European companies interested in EU ETS, Japanese companies with voluntary commitments under the Keidanren Voluntary Action Plan, Governments with a Kyoto commitment and more recently buyers on the voluntary market have been competing for CERs. However, a number of qualitative and quantitative restrictions apply and limit global demand for CDM. With regard to other regimes, the New Zealand ETS is the most progressive in its open market-oriented stance on linking and a number of compliance units, including allowances, from other regimes are eligible, as are JI and the CDM.
The Challenge of Linking Carbon Markets and Broadening the Scope of Carbon Finance to Achieve the Required Mitigation Effort
Carbon markets so far have mostly been operating in isolation from each other, except where there is a linking through the CDM and JI markets. Provisions for linking exist for a number of cap and trade schemes but their diversity in design creates a significant challenge.
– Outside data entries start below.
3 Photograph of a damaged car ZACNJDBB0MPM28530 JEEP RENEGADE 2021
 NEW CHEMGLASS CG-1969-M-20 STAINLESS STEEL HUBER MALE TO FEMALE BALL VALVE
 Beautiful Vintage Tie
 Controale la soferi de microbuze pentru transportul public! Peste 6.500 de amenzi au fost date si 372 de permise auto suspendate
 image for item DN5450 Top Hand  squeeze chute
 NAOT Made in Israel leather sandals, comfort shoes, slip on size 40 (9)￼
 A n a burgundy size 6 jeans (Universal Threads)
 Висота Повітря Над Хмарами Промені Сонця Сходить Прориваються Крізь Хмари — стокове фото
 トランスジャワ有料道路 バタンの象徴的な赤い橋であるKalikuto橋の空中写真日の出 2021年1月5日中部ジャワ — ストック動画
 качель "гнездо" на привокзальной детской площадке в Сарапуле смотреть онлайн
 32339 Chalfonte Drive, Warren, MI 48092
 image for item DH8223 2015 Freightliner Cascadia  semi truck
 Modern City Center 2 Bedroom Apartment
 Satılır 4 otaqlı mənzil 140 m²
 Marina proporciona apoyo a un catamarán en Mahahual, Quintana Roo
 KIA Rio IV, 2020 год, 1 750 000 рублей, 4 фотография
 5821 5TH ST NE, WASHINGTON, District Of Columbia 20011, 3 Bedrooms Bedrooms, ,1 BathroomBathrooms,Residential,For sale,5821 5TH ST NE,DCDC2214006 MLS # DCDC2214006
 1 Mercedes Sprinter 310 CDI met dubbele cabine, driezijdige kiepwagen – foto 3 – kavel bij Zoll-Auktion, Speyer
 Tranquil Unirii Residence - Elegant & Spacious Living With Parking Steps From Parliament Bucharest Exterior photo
A number of issues need to be considered and agreed upon before effective linking and some of the most important are listed below:
- ambition of target and existence of cost control mechanisms (safety valve, penalty for noncompliance);
- treatment of offsets: supplementarity limit, eligible offsets standards and asset classes and treatment of domestic offsets;
- treatment of installations (grandfathering or benchmarking, sale, auction or free allocation, treatment of new entrants and existing installations);
- differential treatment of sectors, with potential leakage and competitiveness issues;
- absolute vs. intensity target;
- emergence of a financial and regulatory governance in the carbon market.
Achieving better linking across carbon markets would better connect mitigation potential across sectors and regions with sources of demand. A more efficient and inclusive global carbon market could also encourage nations to take on tougher targets while allowing for more flexibility through trading.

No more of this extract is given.